Assigned task: Lines outside the range are not wanted. Give again exactly the lines between the line holding "a kitchen with white" and the line holding "Overhead view of", inclusive, from the listing below.

★ ★ ★ ★

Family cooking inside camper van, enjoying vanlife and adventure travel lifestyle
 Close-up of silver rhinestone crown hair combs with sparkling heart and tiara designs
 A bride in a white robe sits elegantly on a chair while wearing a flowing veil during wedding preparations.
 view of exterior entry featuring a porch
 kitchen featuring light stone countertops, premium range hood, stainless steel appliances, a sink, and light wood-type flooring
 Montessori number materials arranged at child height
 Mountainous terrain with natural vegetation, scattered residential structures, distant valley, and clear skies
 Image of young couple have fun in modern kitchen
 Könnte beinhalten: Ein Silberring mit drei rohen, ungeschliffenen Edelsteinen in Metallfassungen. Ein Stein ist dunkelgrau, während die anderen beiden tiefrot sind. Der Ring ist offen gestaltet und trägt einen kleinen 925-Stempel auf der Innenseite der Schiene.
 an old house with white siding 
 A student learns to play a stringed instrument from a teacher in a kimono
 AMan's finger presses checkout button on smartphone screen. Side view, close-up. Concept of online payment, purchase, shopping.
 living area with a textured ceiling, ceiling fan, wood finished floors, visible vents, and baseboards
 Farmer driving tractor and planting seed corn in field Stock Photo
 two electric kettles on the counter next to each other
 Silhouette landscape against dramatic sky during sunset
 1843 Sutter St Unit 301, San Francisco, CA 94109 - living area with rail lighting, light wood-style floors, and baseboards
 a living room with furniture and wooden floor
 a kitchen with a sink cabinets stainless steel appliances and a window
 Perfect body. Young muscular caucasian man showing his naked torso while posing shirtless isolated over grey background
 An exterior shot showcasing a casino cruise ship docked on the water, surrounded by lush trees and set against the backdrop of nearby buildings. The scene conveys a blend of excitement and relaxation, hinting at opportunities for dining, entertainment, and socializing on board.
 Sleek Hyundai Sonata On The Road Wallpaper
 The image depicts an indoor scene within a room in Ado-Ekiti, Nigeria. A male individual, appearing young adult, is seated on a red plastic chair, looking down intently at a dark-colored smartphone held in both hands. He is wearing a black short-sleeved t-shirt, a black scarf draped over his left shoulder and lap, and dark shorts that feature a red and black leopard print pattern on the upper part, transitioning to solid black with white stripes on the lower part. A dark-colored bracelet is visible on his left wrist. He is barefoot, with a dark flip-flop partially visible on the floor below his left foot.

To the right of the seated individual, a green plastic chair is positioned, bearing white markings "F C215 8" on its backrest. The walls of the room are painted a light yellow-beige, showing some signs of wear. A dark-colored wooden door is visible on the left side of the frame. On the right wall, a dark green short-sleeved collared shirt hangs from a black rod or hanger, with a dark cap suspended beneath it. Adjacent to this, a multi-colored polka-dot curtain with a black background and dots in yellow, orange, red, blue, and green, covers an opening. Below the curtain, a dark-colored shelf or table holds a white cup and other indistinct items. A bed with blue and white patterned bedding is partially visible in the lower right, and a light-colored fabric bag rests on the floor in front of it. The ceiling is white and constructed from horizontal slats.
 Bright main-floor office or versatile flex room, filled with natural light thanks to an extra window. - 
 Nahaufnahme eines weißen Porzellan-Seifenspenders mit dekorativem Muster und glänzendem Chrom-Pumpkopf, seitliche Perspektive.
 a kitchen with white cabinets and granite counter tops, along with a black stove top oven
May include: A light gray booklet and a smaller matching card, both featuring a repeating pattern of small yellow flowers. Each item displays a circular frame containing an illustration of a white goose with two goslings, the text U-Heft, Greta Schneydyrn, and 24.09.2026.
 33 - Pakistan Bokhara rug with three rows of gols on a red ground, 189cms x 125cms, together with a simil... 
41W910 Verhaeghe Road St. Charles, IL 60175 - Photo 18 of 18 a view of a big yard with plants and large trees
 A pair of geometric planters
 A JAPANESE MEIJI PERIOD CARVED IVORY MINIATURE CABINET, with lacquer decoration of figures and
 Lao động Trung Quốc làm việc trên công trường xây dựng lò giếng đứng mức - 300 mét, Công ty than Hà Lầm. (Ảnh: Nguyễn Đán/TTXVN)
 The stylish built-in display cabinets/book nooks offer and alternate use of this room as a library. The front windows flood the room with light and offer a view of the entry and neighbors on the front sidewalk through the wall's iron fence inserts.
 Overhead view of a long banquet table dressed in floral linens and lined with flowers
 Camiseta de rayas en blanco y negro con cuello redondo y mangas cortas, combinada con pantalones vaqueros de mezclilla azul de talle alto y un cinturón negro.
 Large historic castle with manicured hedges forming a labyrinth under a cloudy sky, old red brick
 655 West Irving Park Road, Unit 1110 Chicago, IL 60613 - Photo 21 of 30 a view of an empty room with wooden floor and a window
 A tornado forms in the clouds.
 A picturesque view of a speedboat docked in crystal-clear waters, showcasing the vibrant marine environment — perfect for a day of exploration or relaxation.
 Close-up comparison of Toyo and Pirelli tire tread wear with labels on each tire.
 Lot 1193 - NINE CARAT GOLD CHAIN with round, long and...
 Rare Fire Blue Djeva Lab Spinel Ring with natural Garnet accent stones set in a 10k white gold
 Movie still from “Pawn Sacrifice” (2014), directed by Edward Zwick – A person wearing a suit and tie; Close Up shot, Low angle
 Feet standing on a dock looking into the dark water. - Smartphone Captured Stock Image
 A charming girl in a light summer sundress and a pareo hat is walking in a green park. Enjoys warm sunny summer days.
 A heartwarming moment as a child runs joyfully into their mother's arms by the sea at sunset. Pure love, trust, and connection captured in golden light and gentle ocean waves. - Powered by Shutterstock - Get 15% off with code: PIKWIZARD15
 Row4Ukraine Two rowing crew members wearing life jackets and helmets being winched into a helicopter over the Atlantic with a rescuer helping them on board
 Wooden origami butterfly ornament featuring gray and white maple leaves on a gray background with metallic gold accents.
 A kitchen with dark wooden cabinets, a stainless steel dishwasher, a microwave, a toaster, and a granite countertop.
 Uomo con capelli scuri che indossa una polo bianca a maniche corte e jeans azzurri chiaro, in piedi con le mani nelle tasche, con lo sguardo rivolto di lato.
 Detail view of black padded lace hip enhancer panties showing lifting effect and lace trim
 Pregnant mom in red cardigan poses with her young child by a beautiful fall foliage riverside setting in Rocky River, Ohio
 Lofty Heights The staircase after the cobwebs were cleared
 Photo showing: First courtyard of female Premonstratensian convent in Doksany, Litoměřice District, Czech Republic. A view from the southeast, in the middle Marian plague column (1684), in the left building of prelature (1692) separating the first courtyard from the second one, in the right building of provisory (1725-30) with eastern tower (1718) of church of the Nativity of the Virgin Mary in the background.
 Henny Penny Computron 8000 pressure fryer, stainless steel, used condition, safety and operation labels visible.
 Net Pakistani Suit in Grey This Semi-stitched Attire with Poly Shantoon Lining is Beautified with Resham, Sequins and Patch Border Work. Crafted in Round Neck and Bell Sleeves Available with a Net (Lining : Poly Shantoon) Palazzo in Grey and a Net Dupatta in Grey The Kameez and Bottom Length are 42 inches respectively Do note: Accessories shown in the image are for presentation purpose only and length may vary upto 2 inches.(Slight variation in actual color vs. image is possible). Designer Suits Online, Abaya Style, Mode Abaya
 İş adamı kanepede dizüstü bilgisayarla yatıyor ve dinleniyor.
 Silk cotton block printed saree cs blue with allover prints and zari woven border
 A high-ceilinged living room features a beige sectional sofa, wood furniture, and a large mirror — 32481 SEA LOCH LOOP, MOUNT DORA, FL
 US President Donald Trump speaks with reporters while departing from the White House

★ ★ ★ ★

Exercise answer:
 a kitchen with white cabinets and granite counter tops, along with a black stove top oven
May include: A light gray booklet and a smaller matching card, both featuring a repeating pattern of small yellow flowers. Each item displays a circular frame containing an illustration of a white goose with two goslings, the text U-Heft, Greta Schneydyrn, and 24.09.2026.
 33 - Pakistan Bokhara rug with three rows of gols on a red ground, 189cms x 125cms, together with a simil... 
41W910 Verhaeghe Road St. Charles, IL 60175 - Photo 18 of 18 a view of a big yard with plants and large trees
 A pair of geometric planters
 A JAPANESE MEIJI PERIOD CARVED IVORY MINIATURE CABINET, with lacquer decoration of figures and
 Lao động Trung Quốc làm việc trên công trường xây dựng lò giếng đứng mức - 300 mét, Công ty than Hà Lầm. (Ảnh: Nguyễn Đán/TTXVN)
 The stylish built-in display cabinets/book nooks offer and alternate use of this room as a library. The front windows flood the room with light and offer a view of the entry and neighbors on the front sidewalk through the wall's iron fence inserts.
 Overhead view of a long banquet table dressed in floral linens and lined with flowers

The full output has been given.